Con la madurez sobreviene la rendición. La utopía de la
felicidad absoluta bebe de la inconsciencia. Al final, somos lo que se supone
que debíamos ser, no lo que queríamos ser. Es inevitable.
Pero el alma serena se solaza de estos instantes de tregua;
al fin y al cabo, son cápsulas de risa y de entusiasmo. De abrir los ojos al
color y la luz musical de lo inesperado.
Hace cuatro días viajé, con mi mujer y mi hijo Pablo, a
Puerto Rico.
Los edificios que defienden la entrada a San Juan son,
créanme, impresionantes. Como puerta de entrada al Caribe, San Juan fue el
principal baluarte español durante 400 años, y dedicaron ímprobos esfuerzos a
la construcción de fortalezas, murallas, pasadizos o torreones. Todos
edificados con muros de un grosor imposible, sólidos e imponentes.
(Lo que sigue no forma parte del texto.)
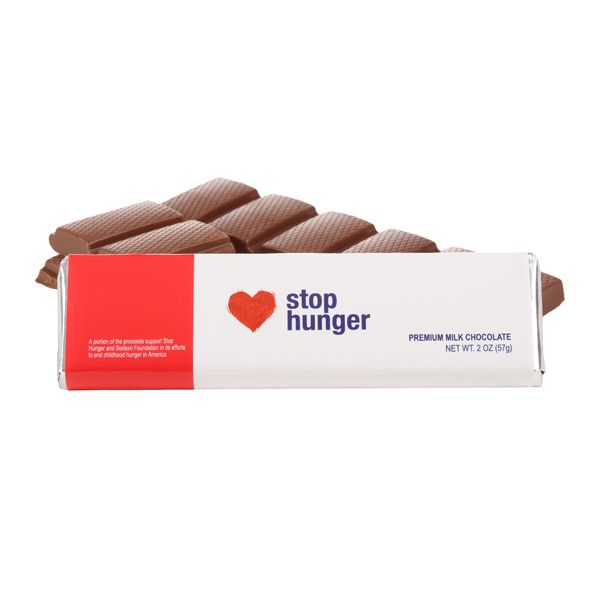 Stop Hunger Milk Chocolate Bar 1.5oz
No en vano, el conjunto defensivo de San Juan fue declarado
Monumento Histórico de la Humanidad por la UNESCO.
Pero me quedo con una imagen; hay una oscura celda, en la
que un capitán español aguardaba la muerte por amotinamiento. Durante los meses
de espera, el soldado dibujó – con la tenue luz del lugar – trazos de navíos.
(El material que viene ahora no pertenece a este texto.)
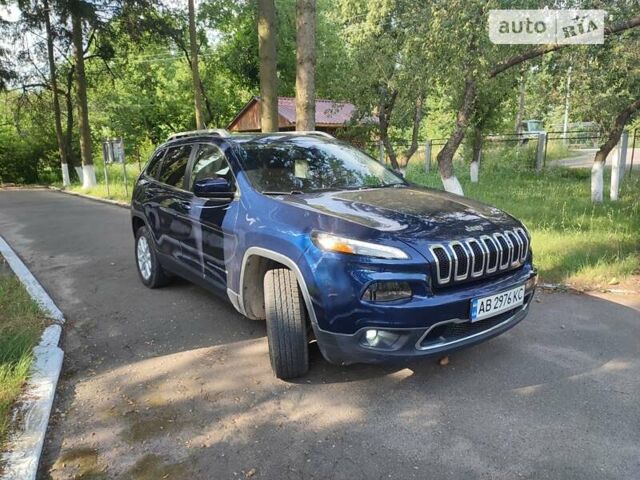 Синій Джип Cherokee, об'ємом двигуна 2.4 л та пробігом 130 тис. км за 12999 $, фото 15 на Automoto.ua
Impresiona ver estos dibujos, en los que se adivina el alma
atormentada de quien se sabe ya muerto, e intenta conjurar con su pintura la
brisa de libertad que la mar regala a los navegantes en su periplo.
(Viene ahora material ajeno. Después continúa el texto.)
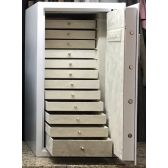 Cofre para Joias - CED 7240-40 (APENAS REVEST. INTERNO)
Supongo que sentía esa brisa al arrullo de sus trazos. Que
por un instante se supo libre.
Pero quería hablarles de otro lugar. Muy distinto.
A 80 kilómetros al oeste de San Juan hay una sierra formada
por cúmulos kársticos rebosantes de vegetación; un lugar de grandes cuevas y
formas caprichosas.
Es un lugar recóndito, libre de contaminación, lo bastante
cerca del ecuador como para tener una visión amplia de ambos hemisferios celestes.
Un circo de colinas naturales conforma un hueco circular enorme, de 400 metros
de diámetro, delimitado por pendientes de piedra caliza.
A principios de los años 60 los humanos decidimos emprender
una (otra) obra de ingeniería imposible: rellenar ese circo con paneles de
aluminio, formando una superficie metálica con la forma de una antena esférica
de 306 metros de diámetro.
Sobre el inmenso plato metálico, una imponente plataforma de
casi mil toneladas, suspendida grácilmente en el aire a 137 metros de altura
por 18 cables de acero, seis por cada una de las tres torres equidistantes
hechas de hormigón sólido y que alcanzan los 111 metros de altura.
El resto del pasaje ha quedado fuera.